** Task input follows **

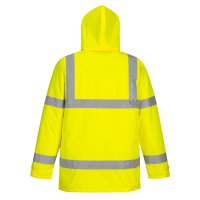 warnschutzjacke von portwest mit kapuze bis -40°C Kälteschutz hintere ansicht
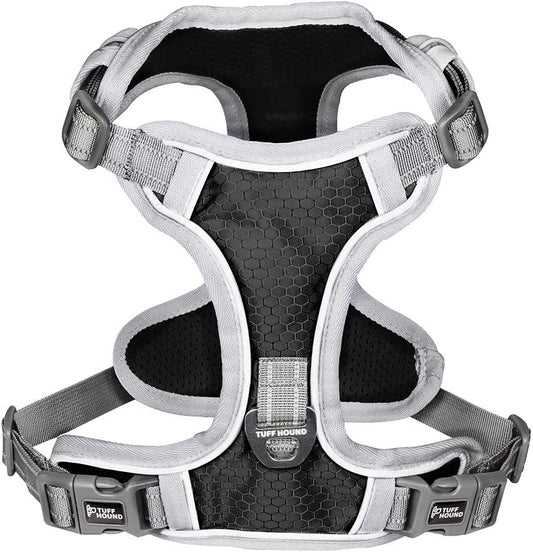 Pet harness with 2 metal rings and adjustable handle, Black Gray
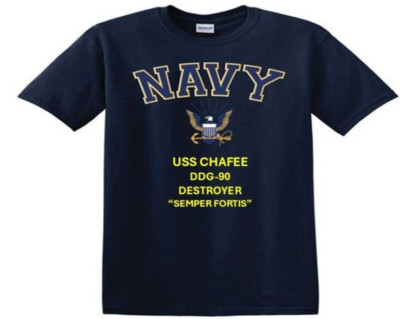 USS CHAFEE  DDG-90* DESTROYER*EAGLE SHIRT. NAVY OFFICIALLY LICENSED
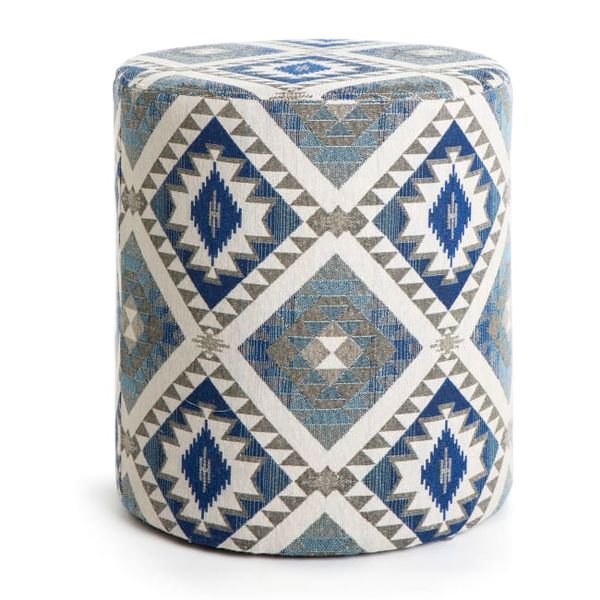 Hovedbilde Puff Sigurd m/kelimmønster blå ø:40 h45 cm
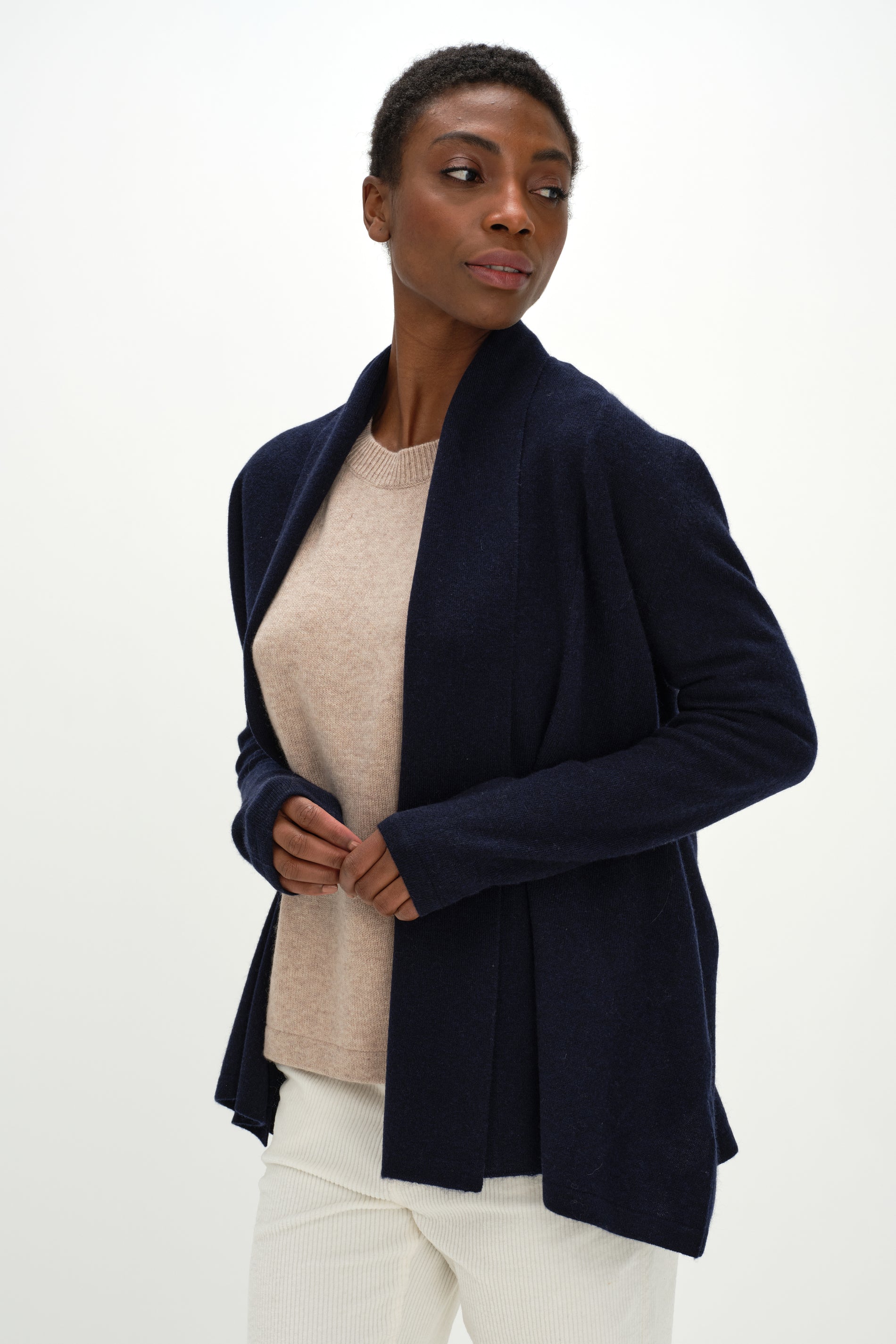 Davida Rollerneck Cardigan Cardigans Navy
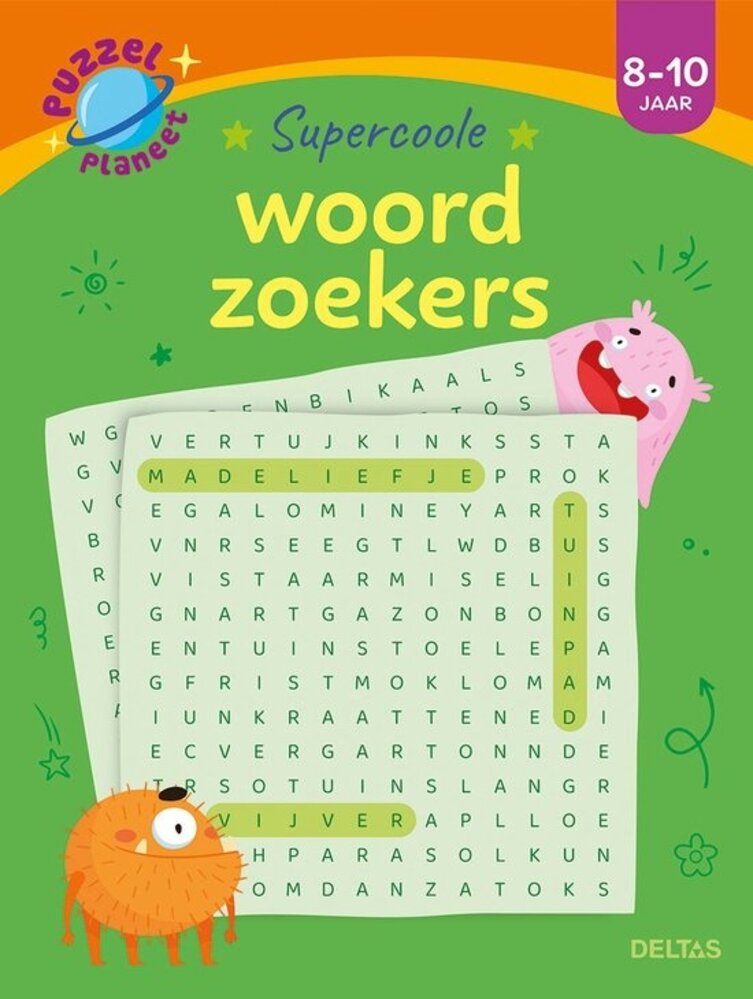 Deltas Puzzelplaneet - Supercoole woordzoekers (8-10 jaar)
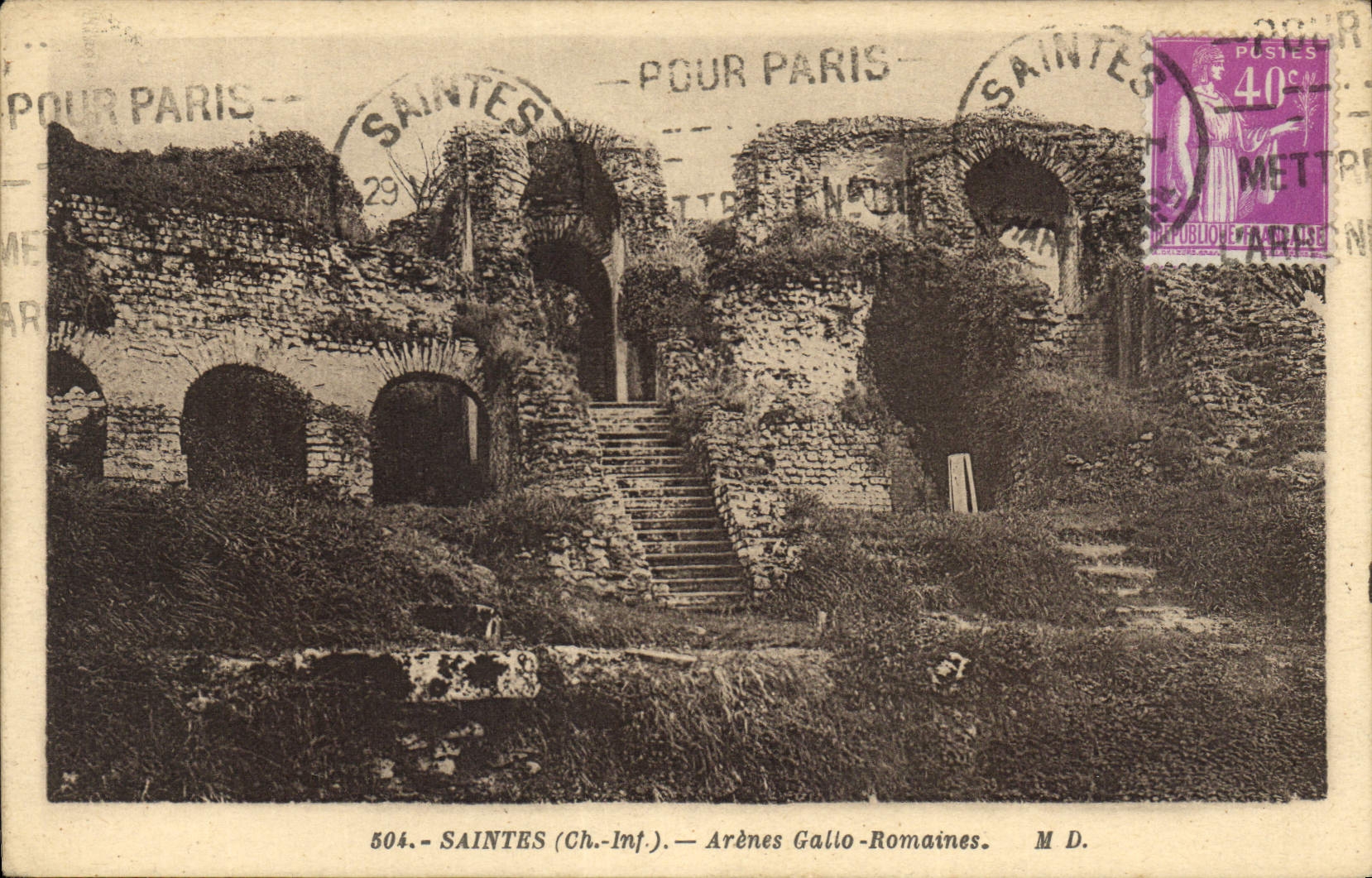CPA Saintes Ch Inf Arenes Gallo Romaines 
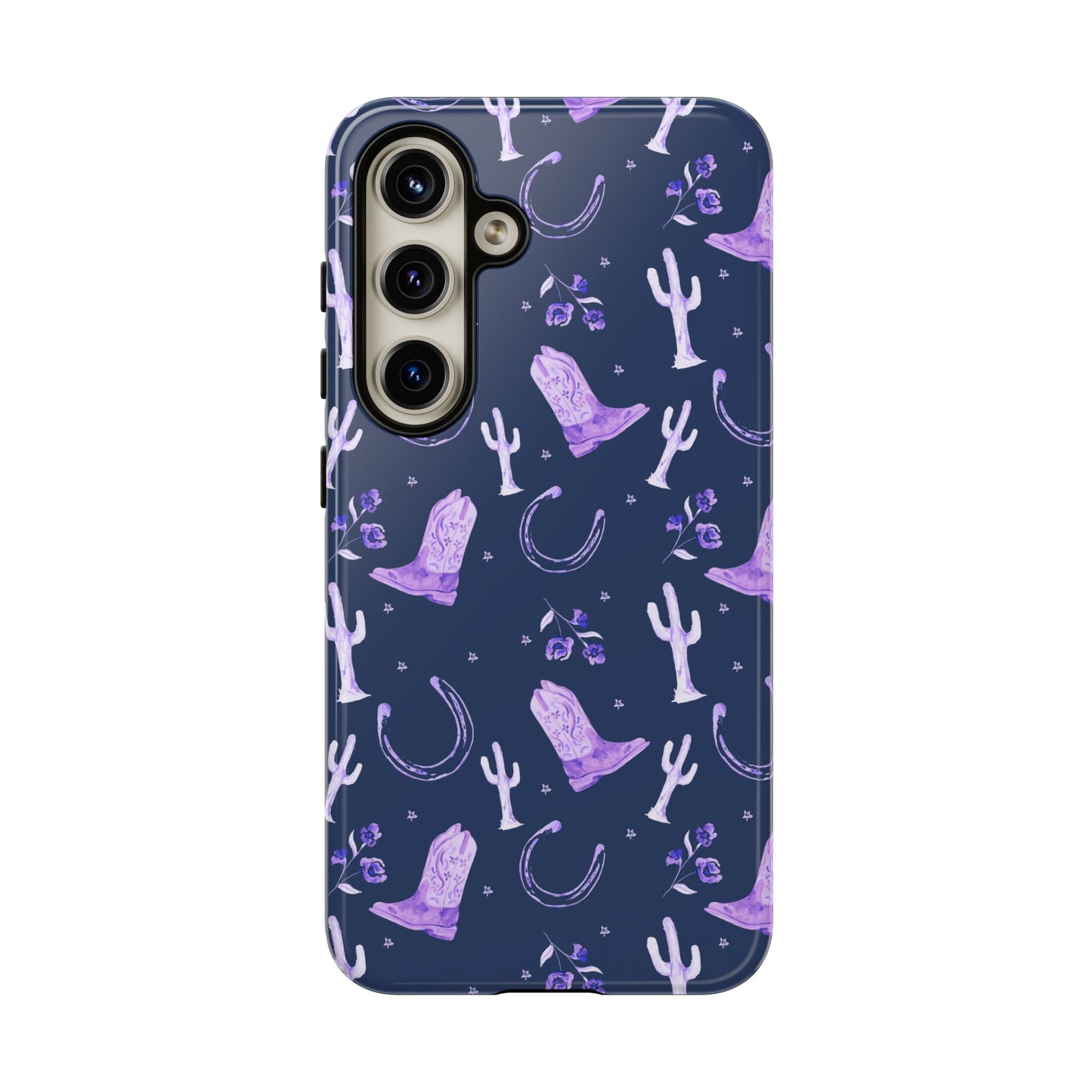 Lucky Boots in Navy and Lavender Tough Phone Case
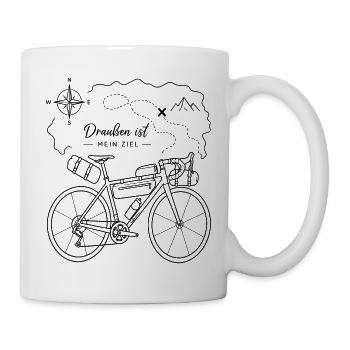 Radreise Traummotiv Kompass Berge - Tasse - Weiß - Rechts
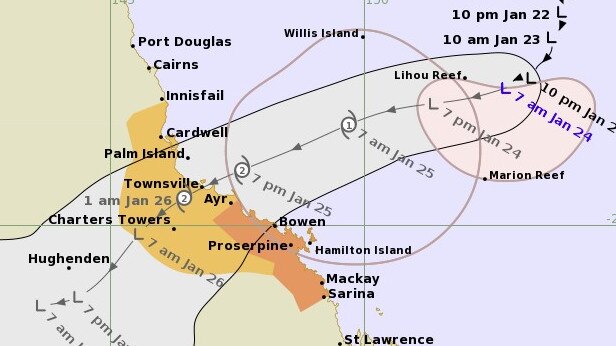 The system is likely to cross the Queensland coast on Thursday night between Cardwell and Bowen as a category 2. Picture: Supplied / BOM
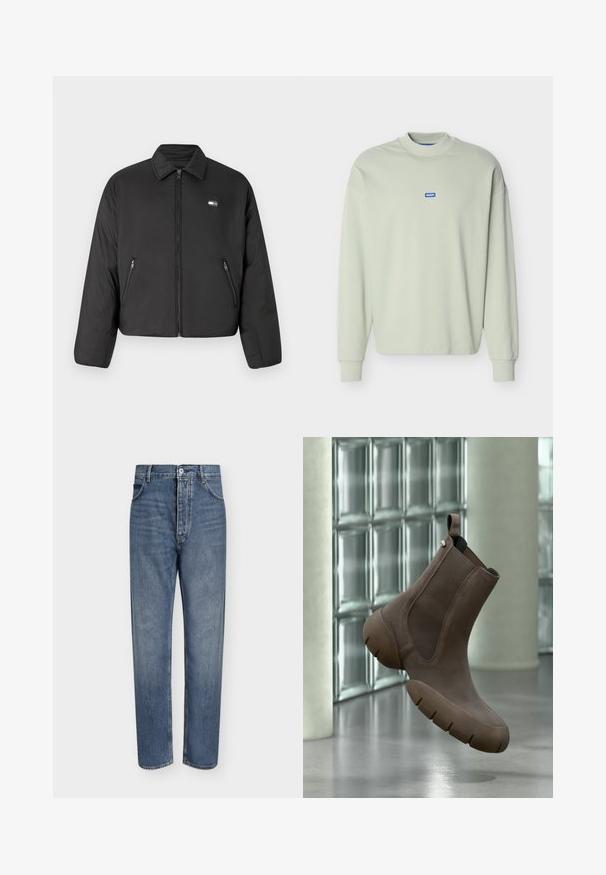 Zwarte cropped jas met een ritssluiting aan de voorkant, voorzien van zijzakken en een kraag. Gemaakt van glad, waterafstotend materiaal. Klein logo op de borst.; Lichtgroene lange mouw sweatshirt met geribbelde manchetten en kraag, klein blauw "HUGO" logo gecentreerd op de borst.; Blauwe denim jeans met rechte pijpen, hoge taille, knoopsluiting aan de voorkant en vijfzakkenontwerp op een effen lichte achtergrond.; Bruine enkellaars met een stevige zool en elastische zijpanelen die boven een glanzende betonnen vloer zweeft nabij een glasblokkenwand.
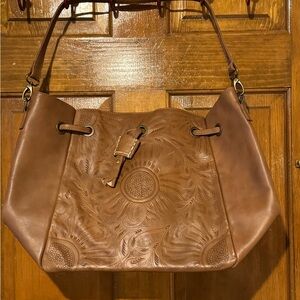 Brown Leather Shoulder Bag with Textured Design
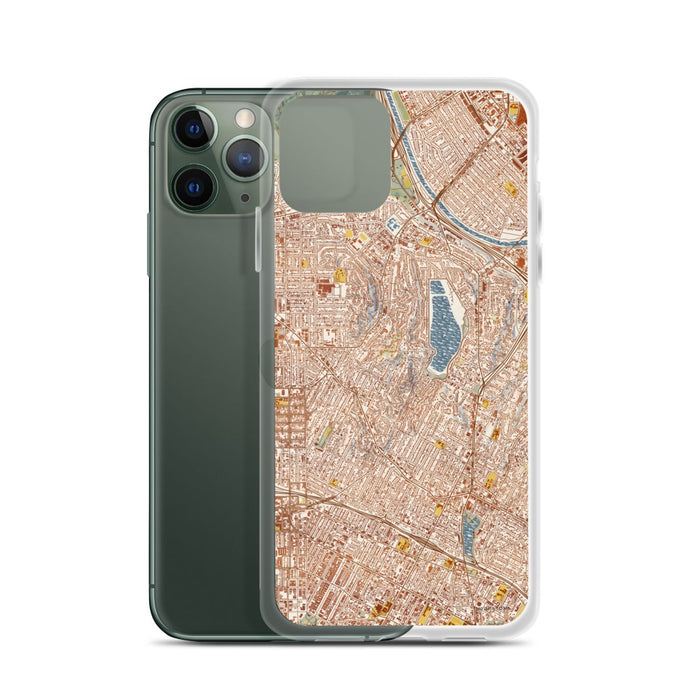 Custom Silver Lake Los Angeles Map Phone Case in Woodblock on Table with Laptop and Plant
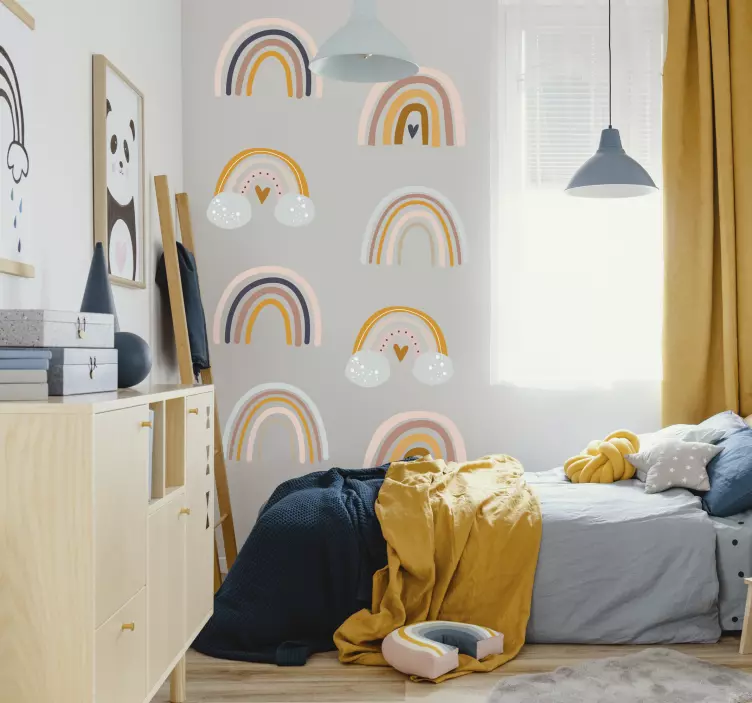 Vinilo dormitorio infantil arco iris bohemio - TenVinilo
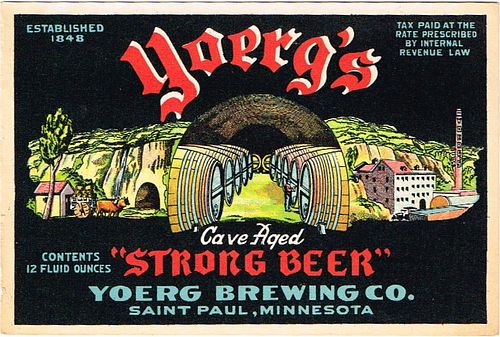 1936 Yoerg's Beer Dupe 12oz CS102-17V Saint Paul Minnesota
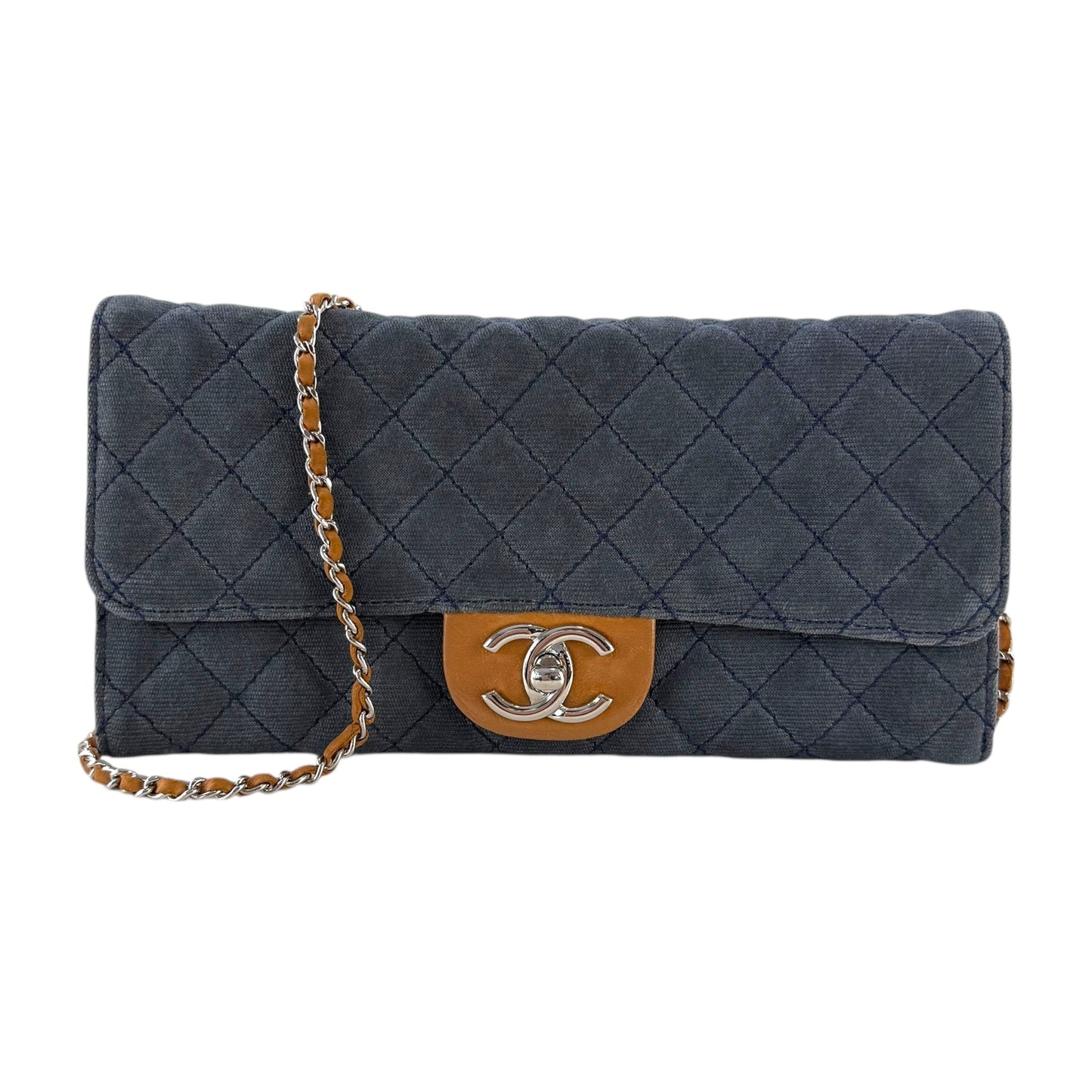 Chanel CC Denim Matelasse Wallet on Chain Shoulder Bag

** End of Task input **

## Aim of the exercise
Write out again only the lines from the line that contains "Davida Rollerneck Cardigan Cardigans Navy" through the last line of the records, both ends included, without any of the pictures.

## Written answer
 Davida Rollerneck Cardigan Cardigans Navy
 Deltas Puzzelplaneet - Supercoole woordzoekers (8-10 jaar)
CPA Saintes Ch Inf Arenes Gallo Romaines 
 Lucky Boots in Navy and Lavender Tough Phone Case
 Radreise Traummotiv Kompass Berge - Tasse - Weiß - Rechts
 The system is likely to cross the Queensland coast on Thursday night between Cardwell and Bowen as a category 2. Picture: Supplied / BOM
 Zwarte cropped jas met een ritssluiting aan de voorkant, voorzien van zijzakken en een kraag. Gemaakt van glad, waterafstotend materiaal. Klein logo op de borst.; Lichtgroene lange mouw sweatshirt met geribbelde manchetten en kraag, klein blauw "HUGO" logo gecentreerd op de borst.; Blauwe denim jeans met rechte pijpen, hoge taille, knoopsluiting aan de voorkant en vijfzakkenontwerp op een effen lichte achtergrond.; Bruine enkellaars met een stevige zool en elastische zijpanelen die boven een glanzende betonnen vloer zweeft nabij een glasblokkenwand.
 Brown Leather Shoulder Bag with Textured Design
 Custom Silver Lake Los Angeles Map Phone Case in Woodblock on Table with Laptop and Plant
 Vinilo dormitorio infantil arco iris bohemio - TenVinilo
 1936 Yoerg's Beer Dupe 12oz CS102-17V Saint Paul Minnesota
 Chanel CC Denim Matelasse Wallet on Chain Shoulder Bag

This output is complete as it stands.